The Octagon on the sunny day in February. The only one. |
Beyond arriving, not much exciting happened in the first few weeks in Dunedin. I set up a bank account (responsibility!), managed to acquire a functioning cell phone (kudos to Bell Canada for making that task infinitely more difficult than necessary) and did other adult-type things, like grocery shopping and laundry. I also started Teacher's College, ostensibly the reason why I'm here in the first place, but that's not particularly relevant.

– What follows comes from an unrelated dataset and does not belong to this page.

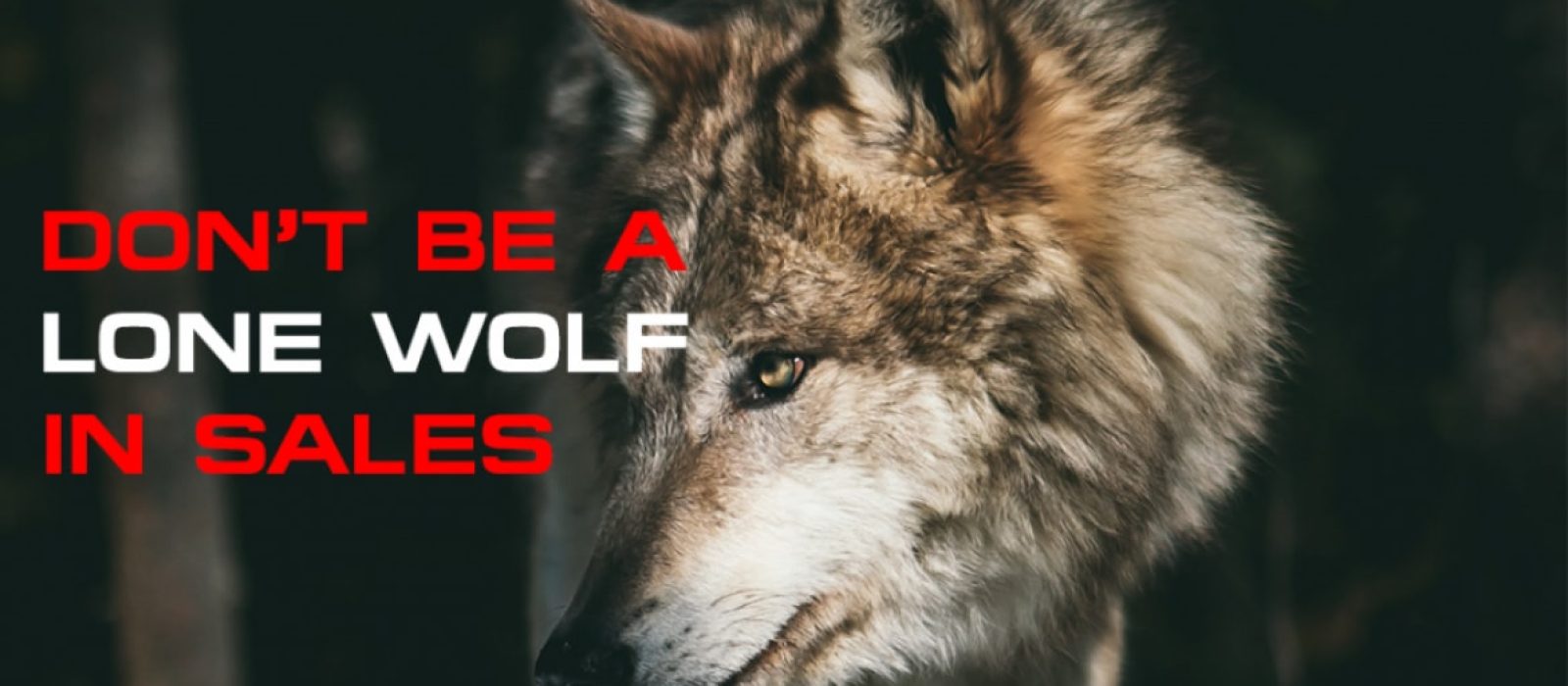 Don’t Be A Lone Wolf in Sales! - Sales Ninja Blog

Dunedin Botanic Gardens - taking pictures of flowers proves I have the makings of an excellent photographer |
At this point, I imagine you're wondering to yourself "Why am I still reading this? This asshole hasn't DONE ANYTHING." Well, you're pretty much right. Dunedin is a student town, and there is no school in February, so things were pretty quiet for the first few weeks. However, things did pick up in the last week as the Scarfies started rolling into town. "Scarfy" is the slang term for students at the University of Otago, whose origins come from somewhere I'm sure (possibly an old old wooden ship). Scarfies are pretty standard university students, drinking and shouting all the time and living in what a university official described to me, rather accurately, as "dungeons." Seriously, the student houses (known as flats) here are essentially tin sheds, so it's small wonder students resort to burning couches - it's sometimes the only way to stay warm. (Side note: my flat is AWESOME. I have a balcony and an en suite bathroom. If everyone else is living in dungeons, I live in the Castle Tower).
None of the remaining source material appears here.